Tingginya angka obesitas dikalangan anak sekolah disebabkan oleh faktor pola makan yang salah dan rendahnya aktivitas fisik mereka. Pola makan yang salah sebagai akibat dari perilaku pemberian makan dari orang tua yang salah dan tidak tersedianya jajanan sehat di sekolah. Kecenderungan untuk menyukai makanan tertentu pada seorang anak dipengaruhi oleh banyak faktor, seperti apakah anak pada masa bayinya mendapatkan ASI atau PASI, bagaimana pola makan orang tua sehari-hari, apakah ada predisposisi genetik untuk memilih makanan tertentu; faktor sosial, pola aktivitas, dan faktor lain yang secara langsung atau tidak langsung dapat mempengaruhi kebiasaan makan anak (Birch dan Fisher, 1998). Ketersediaan jajanan yang ada di sekolah umumnya makanan yang memiliki kadar gizi yang rendah, yang cenderung hanya tinggi karbohidrat saja, karena jenis makanan seperti ini yang paling banyak disukai anak-anak. Dari hasil survei pedagang jajanan di sekolah, dijumpai 80% makanan yang dijual berbahan dasar karbohidrat saja.

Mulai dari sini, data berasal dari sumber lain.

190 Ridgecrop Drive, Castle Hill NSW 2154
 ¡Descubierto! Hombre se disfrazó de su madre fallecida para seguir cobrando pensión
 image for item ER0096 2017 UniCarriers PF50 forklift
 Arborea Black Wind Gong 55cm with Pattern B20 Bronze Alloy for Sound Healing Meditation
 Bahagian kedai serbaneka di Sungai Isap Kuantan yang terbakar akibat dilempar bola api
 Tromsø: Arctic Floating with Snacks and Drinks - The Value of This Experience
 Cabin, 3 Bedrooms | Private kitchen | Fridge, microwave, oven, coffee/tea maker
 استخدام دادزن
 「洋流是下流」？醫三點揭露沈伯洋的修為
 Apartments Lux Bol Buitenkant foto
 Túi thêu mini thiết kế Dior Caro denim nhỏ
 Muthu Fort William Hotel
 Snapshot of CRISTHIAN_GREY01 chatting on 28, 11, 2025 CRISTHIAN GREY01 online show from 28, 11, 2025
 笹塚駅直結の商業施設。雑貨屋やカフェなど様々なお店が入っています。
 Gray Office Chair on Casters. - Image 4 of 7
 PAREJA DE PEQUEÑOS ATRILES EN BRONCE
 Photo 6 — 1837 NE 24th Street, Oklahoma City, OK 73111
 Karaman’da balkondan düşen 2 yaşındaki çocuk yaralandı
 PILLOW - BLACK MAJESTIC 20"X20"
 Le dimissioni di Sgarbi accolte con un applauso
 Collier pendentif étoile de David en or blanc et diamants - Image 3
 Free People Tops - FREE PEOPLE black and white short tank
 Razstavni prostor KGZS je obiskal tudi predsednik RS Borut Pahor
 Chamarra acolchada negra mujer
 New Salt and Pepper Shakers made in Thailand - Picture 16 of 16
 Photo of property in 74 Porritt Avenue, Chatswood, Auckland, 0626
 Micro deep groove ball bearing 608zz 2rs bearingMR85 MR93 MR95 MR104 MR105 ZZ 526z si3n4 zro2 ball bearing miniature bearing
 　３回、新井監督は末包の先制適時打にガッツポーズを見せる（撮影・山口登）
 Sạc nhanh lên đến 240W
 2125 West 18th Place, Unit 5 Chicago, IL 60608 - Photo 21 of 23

Rendahnya aktivitas fisik dikalangan anak sekolah disebabkan karena beberapa faktor. Faktor-faktor tersebut antara lain ketiadaan sarana aktivitas fisik yang memadai di sekolah. Sekolah banyak yang lebih mengutamakan sarana pembelajaran yang mendukung aspek kognitif siswa saja dan kurang memperhatikan bagi perkembangan aspek fisik dari anak. 50% sekolah yang disurvei tidak menyediakan sarana aktivitas fisik bagi siswa. Disamping itu kurikulum sekolah yang kurang memfasilitasi bagi perkembangan aspek fisik anak juga turut menjadi faktor penyebab rendahnya aktivias fisik dikalangan siswa. 60% sekolah hanya menyediakan waktu 2 jam tiap minggu untuk kegiatan oleh raga.
Dampak lansung obesitas yang terjadi pada masa anak akan mengakibatkan hiperlipidemia, peningkatan atherosklerosis secara dini, resistensi insulin yang menjadi dasar bagi terjadinya DM pada saat dewasa. Disamping itu obesitas juga berdampak pada peningkatan inflamasi. Kesemuanya itu menyebabkan tingginya angka kesakitan dan bahkan dapat berujung pada kematian. Selain penjelasan hal tersebut, dampak lain yang akan dialami anak adalah terjadinya gangguan perkembangan fisik dan mental anak. Gangguan fisik dan mental anak akan berlanjut hingga dewasanya dan menyebabkan rendahnya daya saing dalam kehidupan dan akan berujung pada rendahnya tingkat sosial ekonominya.